SUPPLIED MATERIAL:
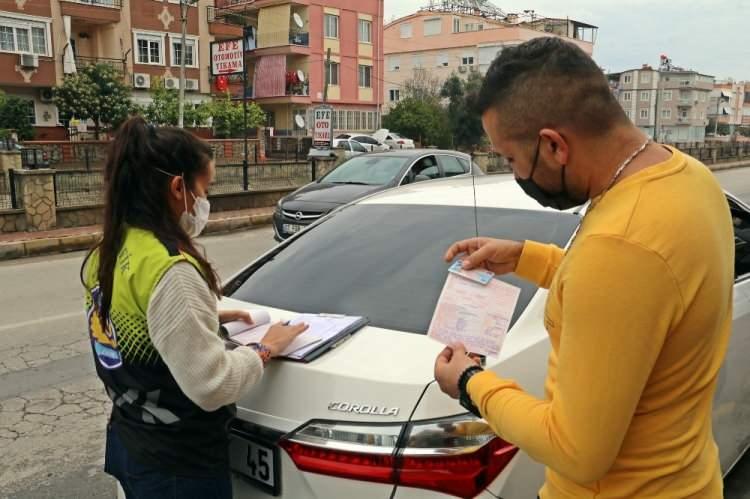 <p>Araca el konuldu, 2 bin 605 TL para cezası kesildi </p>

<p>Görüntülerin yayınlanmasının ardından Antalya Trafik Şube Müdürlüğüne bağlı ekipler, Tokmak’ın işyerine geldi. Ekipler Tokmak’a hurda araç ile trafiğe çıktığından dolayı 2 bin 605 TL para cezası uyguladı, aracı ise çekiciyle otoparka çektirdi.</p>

---

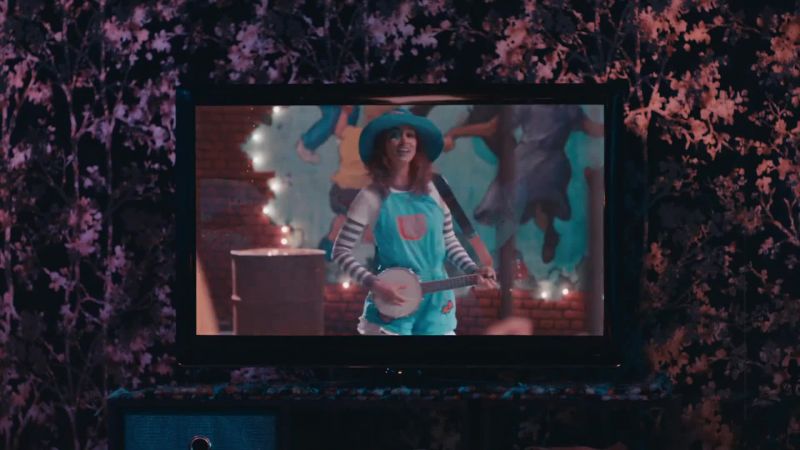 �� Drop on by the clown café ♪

...

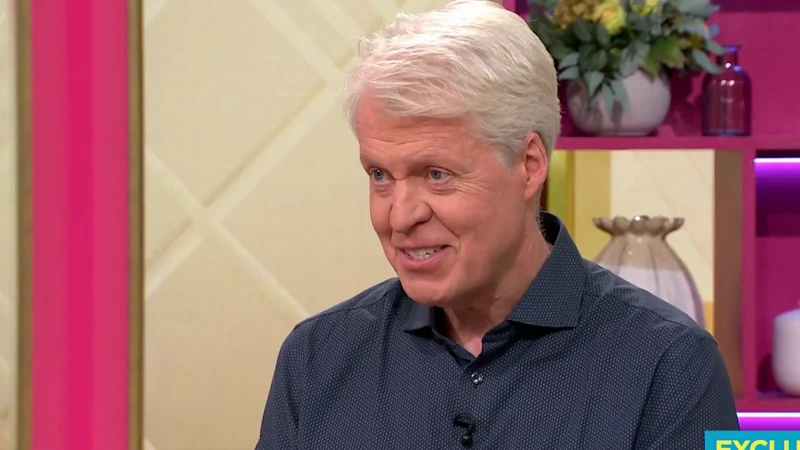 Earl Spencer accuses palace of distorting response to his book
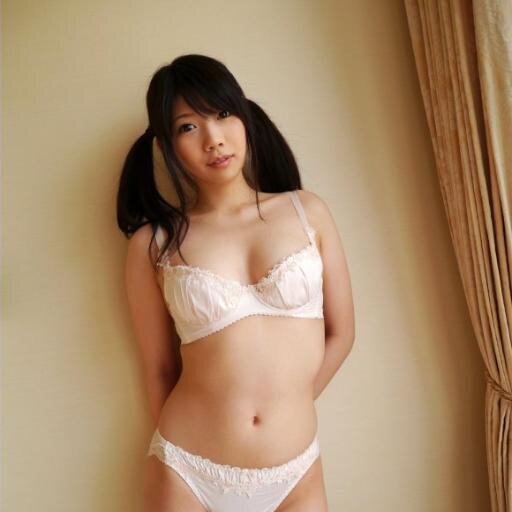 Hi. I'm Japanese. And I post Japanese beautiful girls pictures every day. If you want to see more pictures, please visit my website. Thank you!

WHAT IS NEEDED:
The reply should hold exactly the lines above, starting at the line with "<p>Araca el konuldu, 2" and ending at the line with "<p>Görüntülerin yayınlanmasının ardından", and no pictures.

OUTPUT:
 <p>Araca el konuldu, 2 bin 605 TL para cezası kesildi </p>

<p>Görüntülerin yayınlanmasının ardından Antalya Trafik Şube Müdürlüğüne bağlı ekipler, Tokmak’ın işyerine geldi. Ekipler Tokmak’a hurda araç ile trafiğe çıktığından dolayı 2 bin 605 TL para cezası uyguladı, aracı ise çekiciyle otoparka çektirdi.</p>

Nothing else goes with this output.